1 1/2 cups elbow-shaped pasta (whole wheat works fine; you can try other shapes but it may alter the cooking time in the oven)
3 T unsalted butter
3 T all-purpose flour
1/2 tsp dry mustard
2 cups milk, anything but skim
1 1/2 tsp chopped fresh thyme
1 Tbsp chopped fresh flat-leaf parsley
1 1/2 cups (about 5 ounces) grated Gruyère cheese (nothing too fancy like “cave aged for 20 years” or anything)
1/2 cup + 2 Tbsp Parmiggiano-Reggiano
salt/pepper to tastes

1. Preheat the oven to 350 degrees.
2. In a saucier (if you have one) or deep skillet or sauté pan, melt the butter and allow to foam but not brown. Add the flour and whisk constantly until a small paste forms. Add the mustard.
3. Gradually add the milk (you may choose to heat it first for faster cooking), still whisking constantly to create a smooth liquid.
4. Allow the mixture to simmer gently for 5-7 minutes until it’s visibly thickened and coats the back of a spoon. Add the herbs, then begin adding the Gruyère in small handfuls, whisking each addition into the sauce until it’s fully integrated. (If you add it all at once and whisk, you will end up with a big congealed clump in the center of your whisk – a hot mess if ever there was one.) Add 1/2 cup of the Parmiggiano-Reggiano and kill the heat. Season to taste with salt and pepper (white pepper works well here for aesthetic reasons).
5. Cook the pasta in several quarts of salted water and drain. You don’t want the pasta sitting and waiting for the sauce, so I usually put a small pot of water on high heat when I start the roux.
6. Grease a casserole dish and add the pasta. Pour the sauce over the pasta and toss to coat. Spread the remaining Parmiggiano-Reggiano over the top and bake until the top is golden, brown, and delicious and the center is slightly firm, 20-25 minutes, 30 if you want to be able to cut firm, stable wedges of the dish.

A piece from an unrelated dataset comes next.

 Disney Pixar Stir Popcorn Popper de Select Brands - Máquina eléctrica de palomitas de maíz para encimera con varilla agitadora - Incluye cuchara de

UPDATE: Reader Steve asked about adding leeks and/or bacon. I haven’t tried this variation, but here’s how I’d approach it:
* Chop the bacon finely and crisp in a skillet, rendering out as much fat as possible. Remove the bacon to a paper towel, then add to the casserole right before it goes in the oven.
* Pour out all but maybe 1 Tbsp of the fat from the skillet and use that to sweat the leeks. Slightly browning them is optional but would add more flavor – just don’t burn them. Add with the bacon to the mix right before baking.